Reinforcement Learning

The Future of Artifical Intellgence and Learning

Terminology 

Before getting into the “what is” questions, we first need to clear up some terminology that will be used in this newsletter [1].   

  • The agent refers to the product that is doing the actions.
  • The environment refers to the rules and mechanics the agent must following to reach a goal. 
  • The state refers to the problems or obstacles the agent must face at the current moment.
  • The reward refers to the feedback the agent gets on whether it succeeds or fails at its goal.
  • The policy refers to the approach the agent will take to reach its goal.

     

What is Reinforcement Learning?

RL refers to a method used to train neural computer networks to achieve goals at a superhuman rate. Unlike other methods of training deep neural networks, RL starts the network off with no datasets to base processes off of. Instead, it gains data from both successful and failed tests and it eventually uses that data to find its goal. 

A popular approach to RL is called “Policy Gradients” which uses a penalty-reward system [2]. When a machine is set off to do a specific task, it preforms actions to reach a goal with no policy in mind.
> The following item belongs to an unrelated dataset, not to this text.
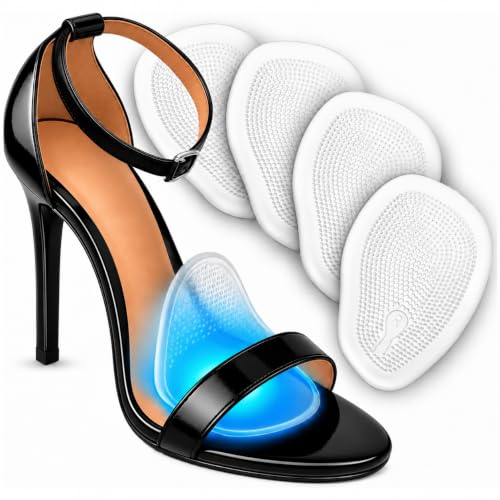 benoo Ball of Foot Cushion Pads for High Heels, Gel Shoe Insert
Steps that lead to a successful outcome most efficiently are denoted with a plus one for a reward counter, while steps that lead to failure are denoted with a minus one. The agent’s objective is to complete a trial with the highest amount of reward points as possible. The process relies on the off chance that the agent will make an action that leads it to its goal and remembering to incorporate it in future tests. The information it gains from each trial will slowly filter out negative rewards, while positive rewards options become more likely. 

flow chart of how reinforcement learning works from an agent to an environment 

Comparison with Human Learning 

When people are tasked to learn something new, past knowledge and intuition helps greatly in understanding how to solve that task. For a machine using policy gradient, the only method they have in progressing is brute forcing a solution through trial and error. Depending on the complexity of the task, an agent may go through millions of trials and still be less competent than a toddler is. Because of the nature of how RL works, it will be incredibly inefficient in solving problems with a wide range of choices to consider. Not to say that RL is less competent than human learning, but it has its flaws that keep humanity from going completely autonomous in the things we do. 

Example of Reinforcement LearningAlphaGo logo

Applications that incorporate RL have already toppled humanity in some respects. One of the most well-known examples of this is the AI known as AlphaGo [3]. AlphaGo is a computer program developed by Alphabet Inc., purposed to become an expert in the board game “Go”, ergo its name. It has gone on to defeat Mr. Fan Hui, who was arguably the best in history, with a perfect 5-0 victory. It continued its path of success by defeating top international Go players online and achieved a streak of 60 consecutive wins.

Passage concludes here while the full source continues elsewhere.